Danehy

More on school vouchers and the faux conservatives who love them

USA Today recently ran a front-page article on how welfare reform (that was the Republican mantra a decade ago) is working. The number of people on welfare is down by more than 50 percent, but there are still some entrenched welfare recipients who aren't looking for work, and some other people who should be getting assistance, but can't. Overall, it's considered a success, which is why it's so surprising that those same people who were screaming about welfare 10 years ago now want welfare for their side in the form of school vouchers.

The mail (e- and otherwise) has been pouring in since I exposed the faux conservatives who want the government to pay for their kids to go to private school. Emil Franzi ripped me for engaging in an ad hominem attack--just because I called the voucher people "hypocrites, gluttons, fools or whores." I love a good political debate, but these people have nothing substantive to offer. It's like Was (Not Was) once sang: "They've got a mouth full of 'much obliged' and a hand full of 'gimme.'"

(Emil is also against vouchers, but his point is that tax money comes with strings, opening once-autonomous private schools to state intervention and regulation.)

I try to respond as nicely as possible to the e-mailers, but everyone who uses the term "government school" is automatically disqualified from any rational discourse. I won't even bother trying to contact you, because I figure you're all tired from being kept up all night by those black helicopters flying over your house.

I also have a problem with people who claim that our entire educational system is irretrievably broken. If the American public schools, which educate 90 percent of all kids--no matter how damaged the kids, how economically depressed the community, how reckless the Legislature, or how irresponsible the parent(s)--are so bad, why do we still have the most brilliant scientists, the best thinkers, the greatest country?

While you're at it, would you trade our educational system for any other in the world? Would you really want your kids to go to a Japanese six-day-a-week, learn-by-rote school? Or a British shut-up-or-you'll-get-a-thrashing institution? Somehow, I don't think so.

One guy wrote: "Public education has been reduced to the equivalent of dog shit. The parents who do care ought to have some chance to get their kids out."

I will try to keep this to one syl-la-ble words: Right now, you have the right to send your kid to the school of your choice!!!! (I know "school" has a diphthong, but it's close.)

The vast majority of parents could send their kids to private school right now.

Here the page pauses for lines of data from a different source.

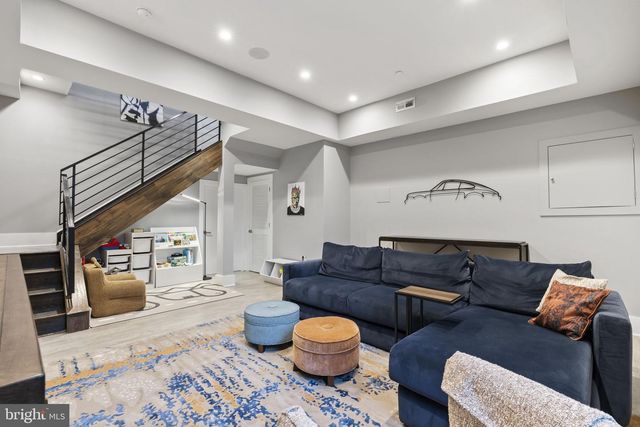 819 N ORKNEY ST, Philadelphia, PA 19123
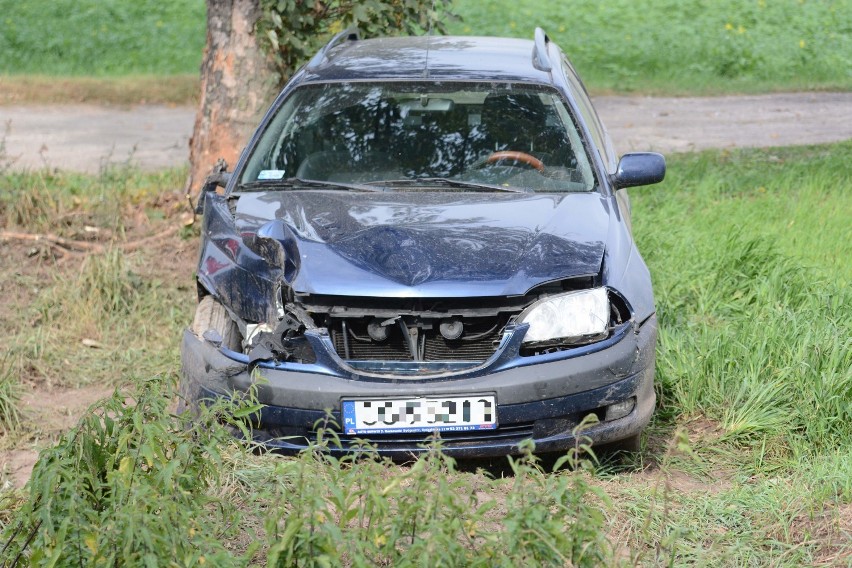 Wypadek w Rywałdzie. Jedna osoba poszkodowana [wideo, zdjęcia]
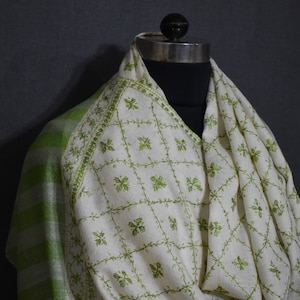 28&quot;x80&quot;scarf made in kashmir, embroidered shawl, embroidered scarf made in india, cashmere scarves, hand embroidered scarf RUHI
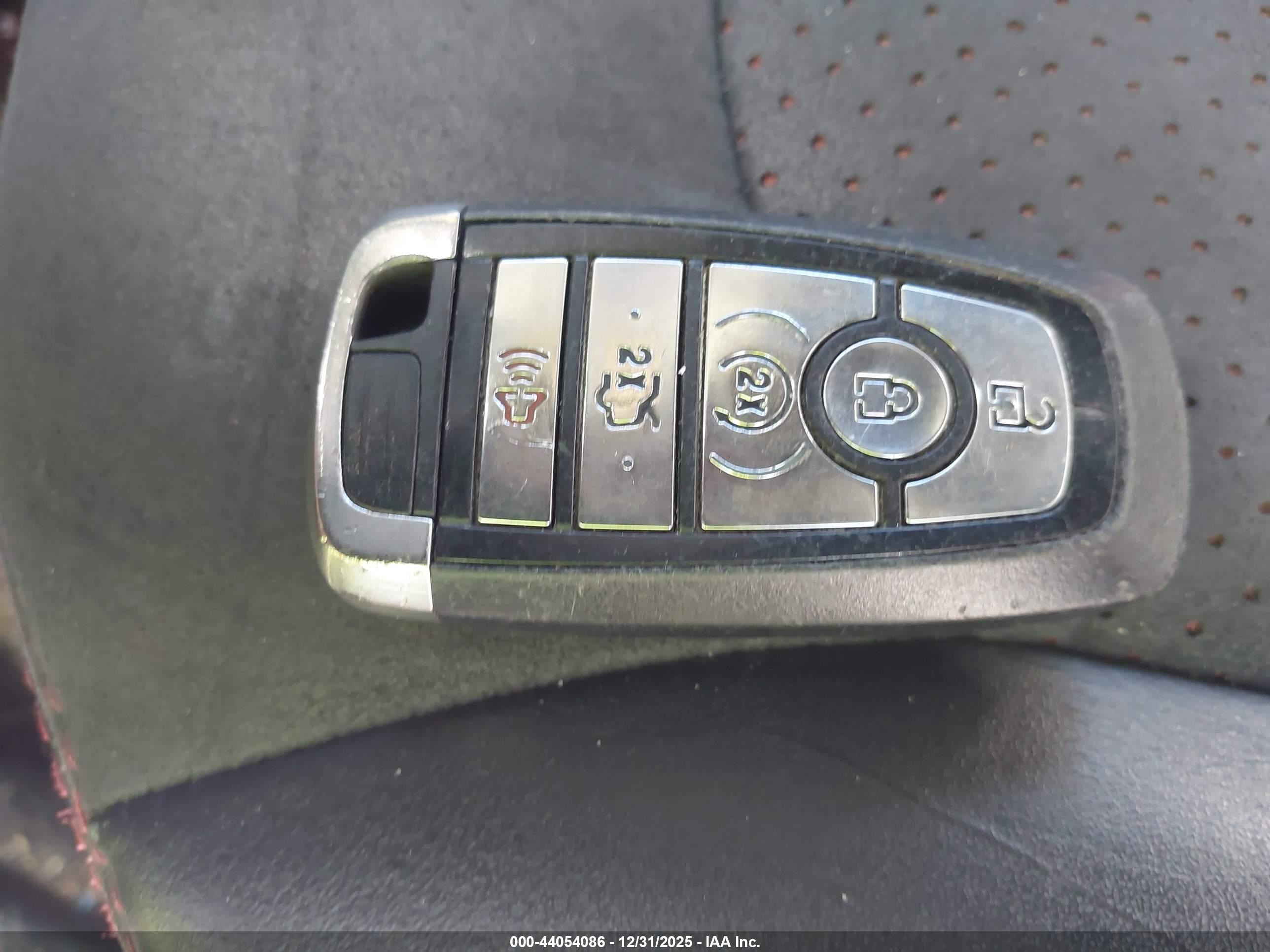 FORD EXPLORER image 11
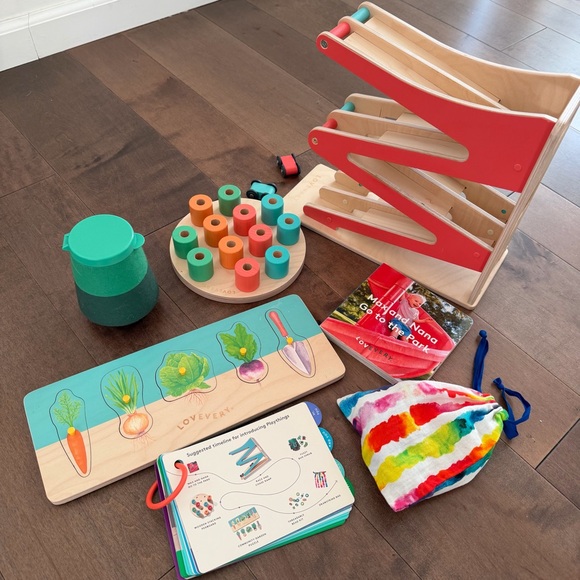 Lovevery The Adventurer Play Kit 16-18 Months - Picture 2 of 15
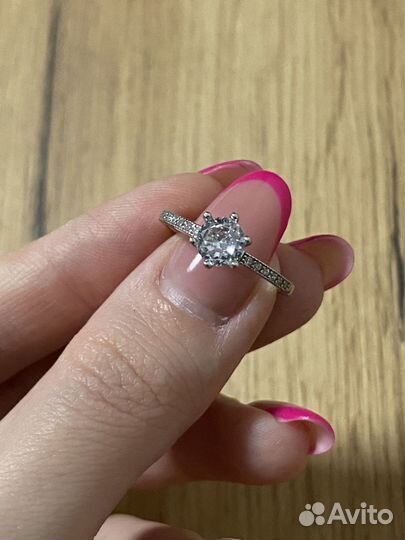 Серебряное кольцо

It might require a little sacrifice, which is apparently a concept that has skipped town along with shame.

Tighten the belt. Don't go on vacation. Watch TV instead of rented DVDs. Get off the crack pipe. Drive a Honda instead of a SUV. Eat macaroni and cheese. Stop drinking. Buy your clothes at Wal-Mart. There are lots of sacrifices you can make so that you don't have to sacrifice what used to be your principles. It's a matter of how badly you want it.

Plus, most private schools offer scholarships to deserving kids. I know for a fact that Salpointe Catholic High School, for example, allows kids to work off some of their tuition, and good for them. That's certainly better than using taxpayer money to send a kid there or to any other private school.

If you still can't afford the private school, and you're convinced that public schools are the bogeyman, there are charter schools, not all of which stink.

There isn't even one valid reason for supporting school vouchers, unless you think getting something for nothing is valid. Unless you had your fingers crossed all those years that you railed against big government, the welfare society and undeserved handouts at taxpayer expense. Otherwise, you should be ashamed of yourselves.

A good measure of the shame goes to the Goldwater Institute, a What Are They Thinking Tank in Phoenix that has hijacked the name of a conservative icon and won't give it back. In a recent article in the Tucson Citizen, Institute President Darcy Olsen trotted out one red herring after another in a lame effort to bolster her backing of right-wing education welfare, and then closed by basically saying that it's OK to ignore the state Constitution as long as you're doing so to further a selfish crackpot scheme.

The Goldwater Institute's own mission statement reads in part that they champion the policies "of Senator Barry Goldwater during his years of public service--limited government, economic freedom and individual responsibility." Exactly which one of those three principles would cover the practice of using hard-earned taxpayer money to send some kid to Exclusive Lilywhite Prep?

And there's more. The statement concludes with "the Goldwater Institute neither seeks nor accepts government funds ..." No, they just want you to, just so long as some public school, teacher or student somewhere gets hurt in the process.

Unless and until you're willing to stand up and say, "I want something for nothing, something I haven't earned and don't deserve or even need," shame on every last one of you voucher people.